31. Aachen Colloquium Sustainable Mobility
Requirements for zero impact vehicles
Authors
S. Hausberger, U. Uhrner, W. Stadlhofer - IVTTU Graz, N. Toenges-Schuller, C. Schneider - AVISO
Summary
The target of a conceptual study for FVV, [1] was to analyse the requirements of "zero impact vehicle (ZIV)" emission levels from an air quality perspective. We selected as zero impact definition “the road traffic contribution to air pollutants near roads shall be irrelevant compared to the WHO-2005 air quality guidelines, i.e. lower than 3% of these air quality (AQ) limits”. We have used unfavourable exhaust gas dilution situations to convert zero air quality targets into emission targets for total traffic. Dividing these total emission targets by the traffic volume yields the limit values for emissions per vehicle kilometre.
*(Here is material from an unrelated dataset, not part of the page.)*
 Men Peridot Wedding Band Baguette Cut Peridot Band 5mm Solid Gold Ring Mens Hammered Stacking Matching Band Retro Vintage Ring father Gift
We analysed different traffic situations, including motorways with high traffic volumes, dense urban traffic with a high proportion of cold starts and alpine roads with steep gradients and dynamic driving. The thresholds for vehicle emissions to achieve zero impact were calculated for possible worst-case combinations of traffic volumes, driving behaviour, road gradients and cold start shares. The analysis shows, that “zero AQ impact vehicles (ZIV) should not exceed NOx emissions of ca. 7mg/km for cars and 30 mg/kWh for HDVs in dense urban driving situations. For PN the current average Euro 6 vehicle already meets the ZIV targets in urban driving, which is in the range of 5E+11 #/km. In more demanding driving situations, such as alpine roads with steep gradients, much higher emissions per vehicle-km are possible without exceeding the zero impact targets, since much less vehicles per hour are passing such roads. In contrary, dense motorways need lowest emissions per vehicle-km due to the high number of vehicles. The sensitivity analysis was finally validated by detailed air quality simulations for different areas.